$O(T^{-1})$ Convergence of Optimistic-Follow-the-Regularized-Leader in Two-Player Zero-Sum Markov Games
This provides a faster convergence guarantee for solving Markov games, which is important for applications in multi-agent reinforcement learning, though it is an incremental improvement over prior work.
The paper tackles the problem of finding Nash equilibria in two-player zero-sum Markov games, achieving an O(T^{-1}) convergence rate for optimistic-follow-the-regularized-leader with smooth value updates, which improves upon the previous rate of O(T^{-5/6}).

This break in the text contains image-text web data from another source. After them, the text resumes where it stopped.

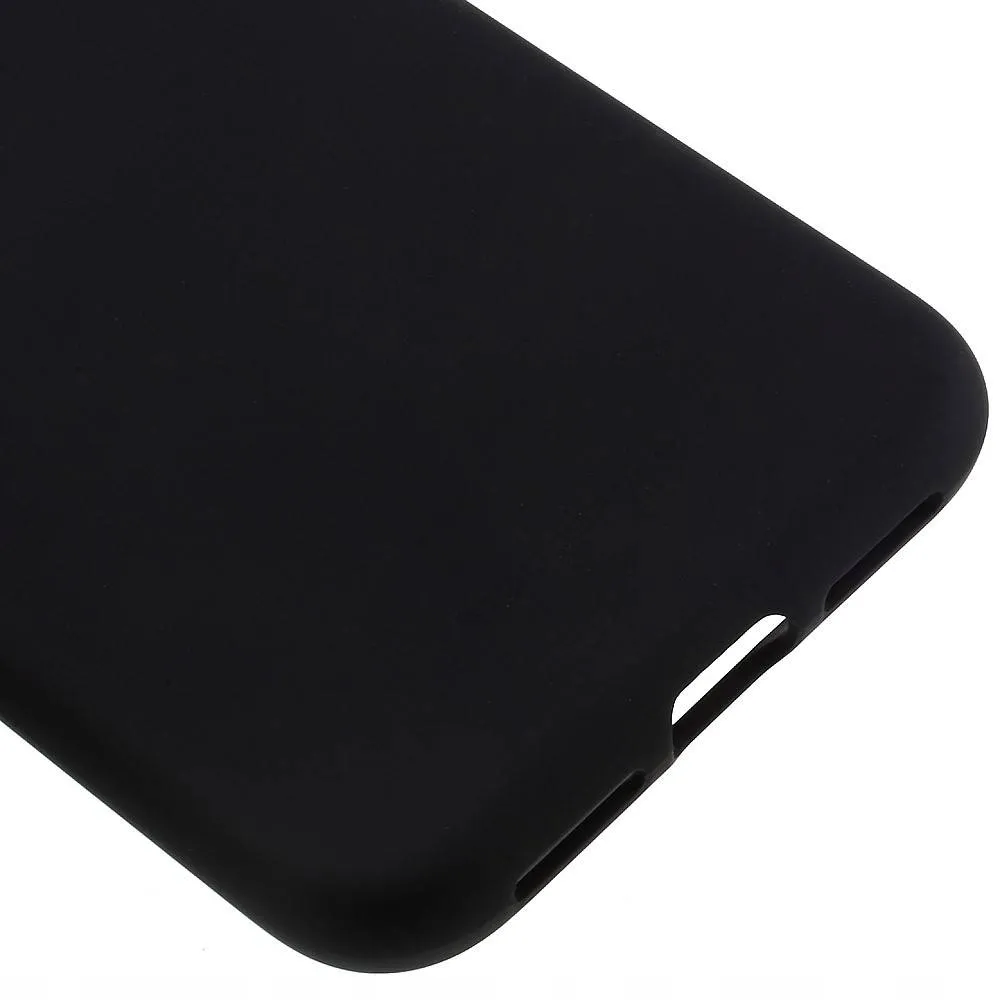 etui-silikon-case-do-samsung-galaxy-s21-plus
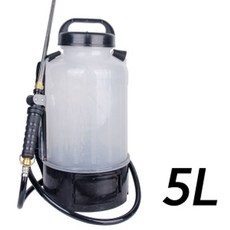 11e1271e9554beec819ecf54fbb5d13504f1f59a5222ffa0e94c7aea75b3.jpg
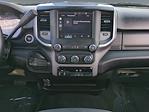 2024 Ram 2500 Crew Cab 4x4 Pickup for sale #E567870R - photo 11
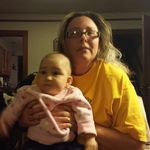 Profile Picture of Shannon Fair Sutter (@fairsutter) on Instagram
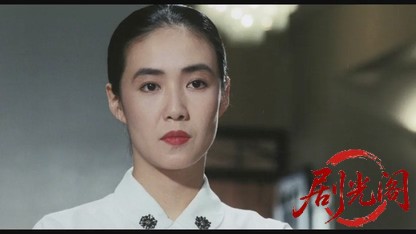 ガラスの中の少女1988.mkv_20260615_154650.730.jpg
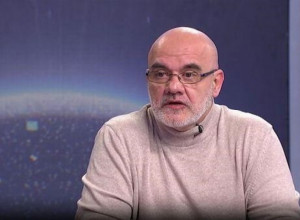 Sve više mladih u Srbiji na lekovima za smirenje: Psihijatar Mitrović otkriva da u jednom slučaju može doći do srčanog zastoja, "sa time se ne igra"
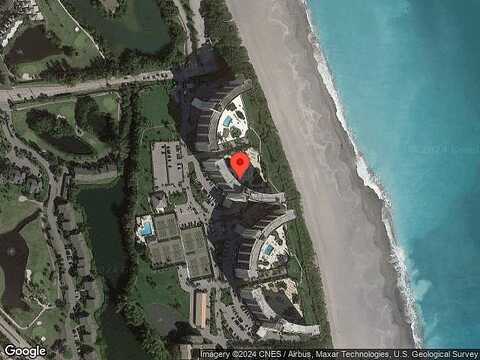 Ocean Trail, JUPITER, FL 33477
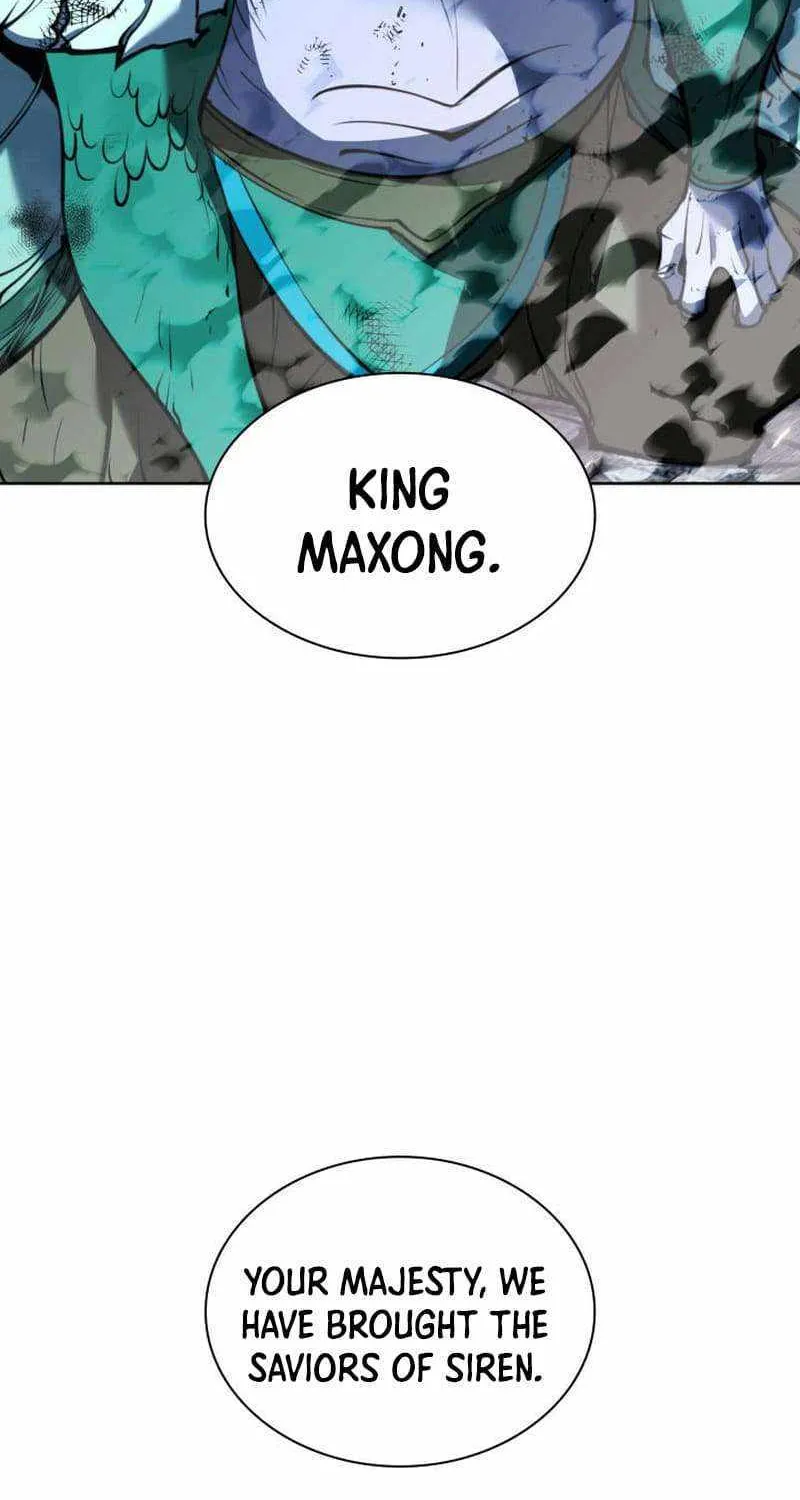 Chapter 237 — page 35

We prove that optimistic-follow-the-regularized-leader (OFTRL), together with smooth value updates, finds an $O(T^{-1})$-approximate Nash equilibrium in $T$ iterations for two-player zero-sum Markov games with full information. This improves the $\tilde{O}(T^{-5/6})$ convergence rate recently shown in the paper Zhang et al (2022). The refined analysis hinges on two essential ingredients. First, the sum of the regrets of the two players, though not necessarily non-negative as in normal-form games, is approximately non-negative in Markov games. This property allows us to bound the second-order path lengths of the learning dynamics. Second, we prove a tighter algebraic inequality regarding the weights deployed by OFTRL that shaves an extra $\log T$ factor. This crucial improvement enables the inductive analysis that leads to the final $O(T^{-1})$ rate.